Data records →
☆ ☆ ☆ ☆
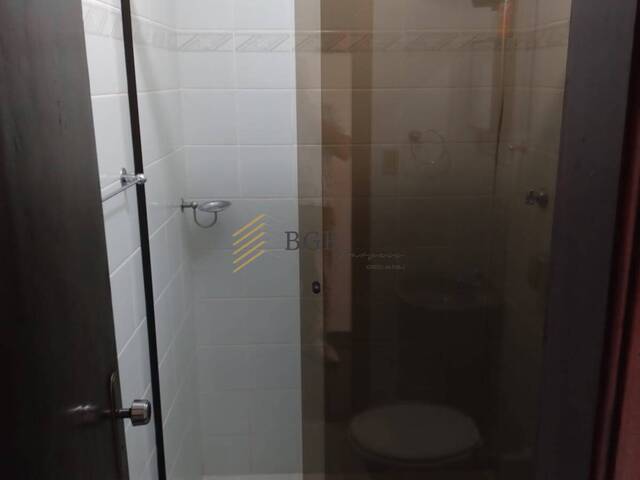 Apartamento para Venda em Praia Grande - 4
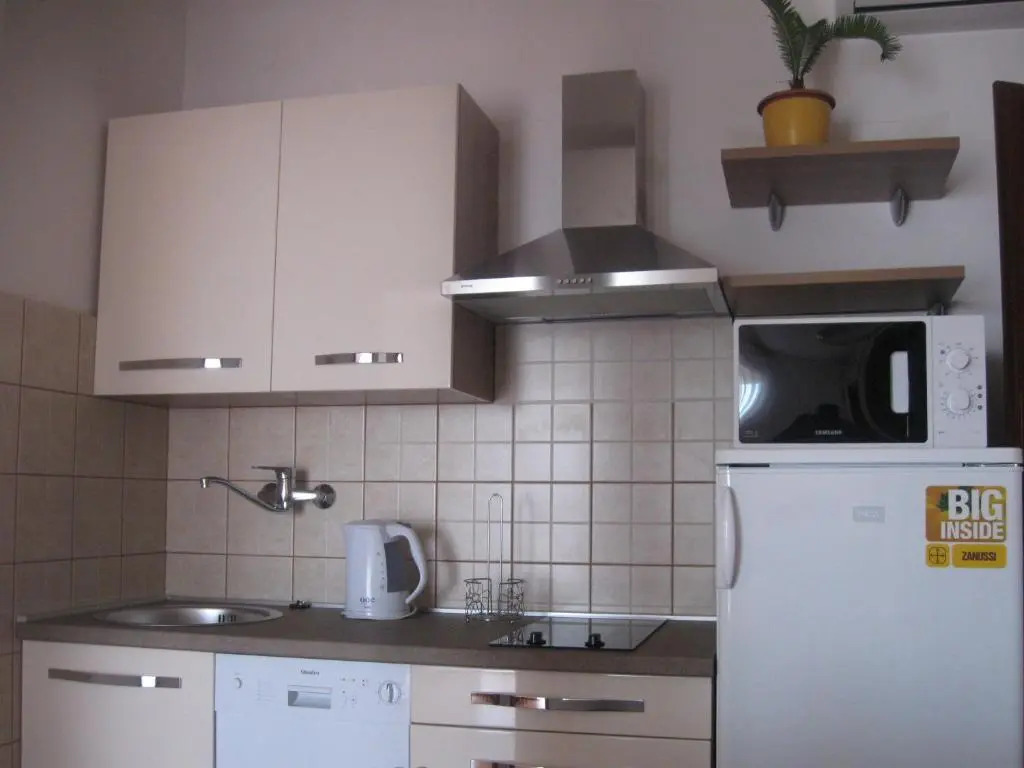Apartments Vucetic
☆ ☆ ☆ ☆
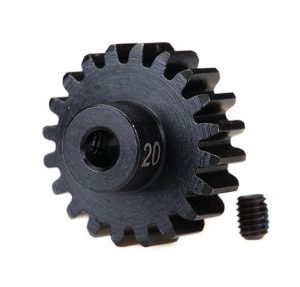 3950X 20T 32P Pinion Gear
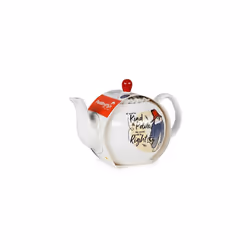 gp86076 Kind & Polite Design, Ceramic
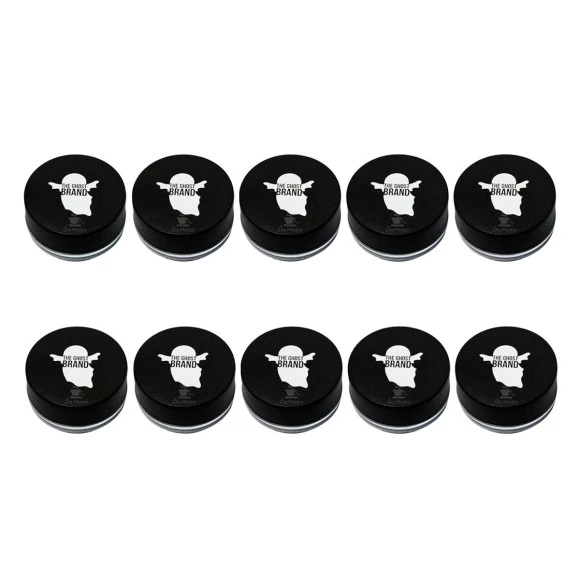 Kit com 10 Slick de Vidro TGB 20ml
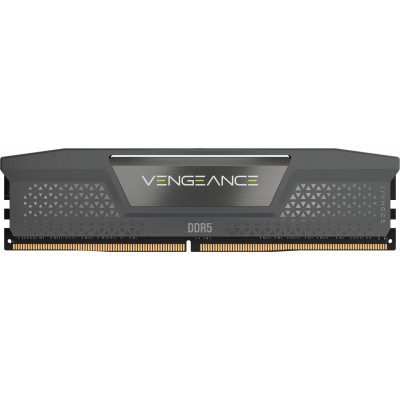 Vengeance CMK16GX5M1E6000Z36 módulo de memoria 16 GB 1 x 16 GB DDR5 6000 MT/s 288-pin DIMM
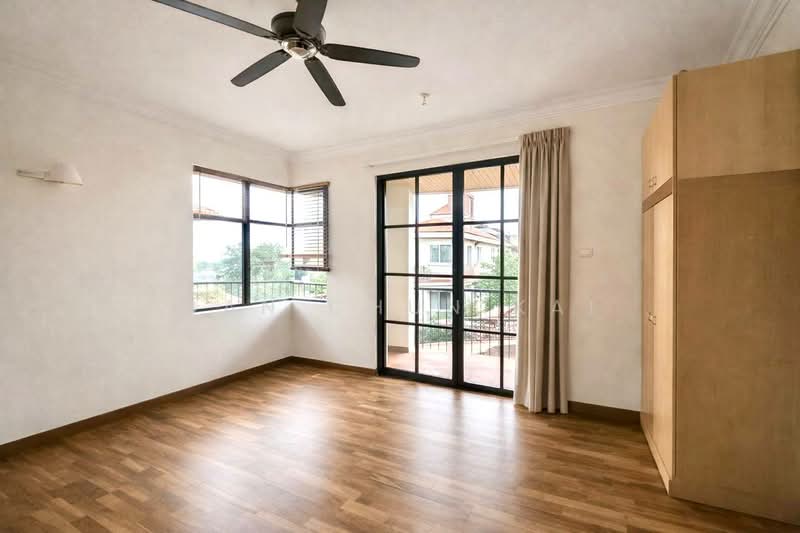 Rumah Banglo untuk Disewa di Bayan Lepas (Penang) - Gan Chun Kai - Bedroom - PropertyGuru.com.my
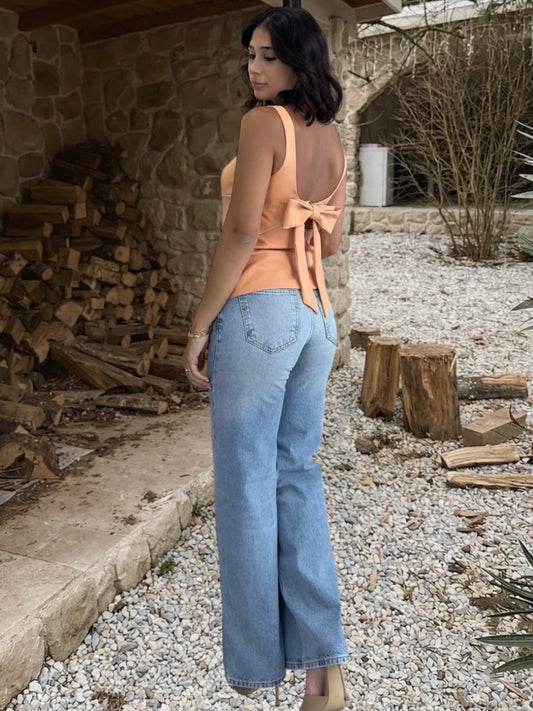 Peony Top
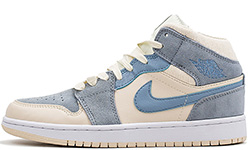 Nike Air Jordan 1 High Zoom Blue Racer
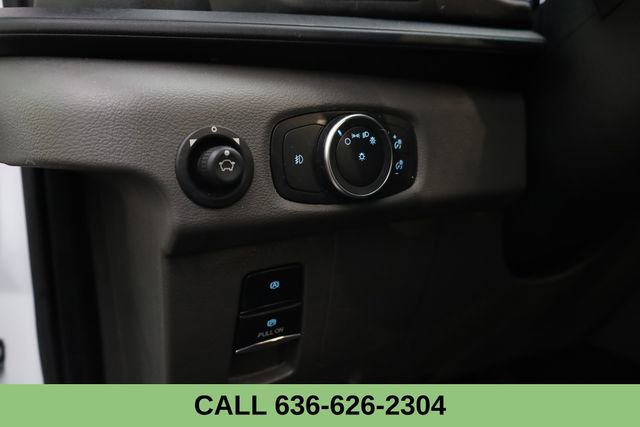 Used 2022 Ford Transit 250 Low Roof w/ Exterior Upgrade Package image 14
☆ ☆ ☆ ☆
Task description →
Although pictures appear among the entries, please set down only the lines from the one with "Vengeance CMK16GX5M1E6000Z36 módulo" up to and including the one with "Used 2022 Ford", word for word.

Finished task →
 Vengeance CMK16GX5M1E6000Z36 módulo de memoria 16 GB 1 x 16 GB DDR5 6000 MT/s 288-pin DIMM
 Rumah Banglo untuk Disewa di Bayan Lepas (Penang) - Gan Chun Kai - Bedroom - PropertyGuru.com.my
 Peony Top
 Nike Air Jordan 1 High Zoom Blue Racer
 Used 2022 Ford Transit 250 Low Roof w/ Exterior Upgrade Package image 14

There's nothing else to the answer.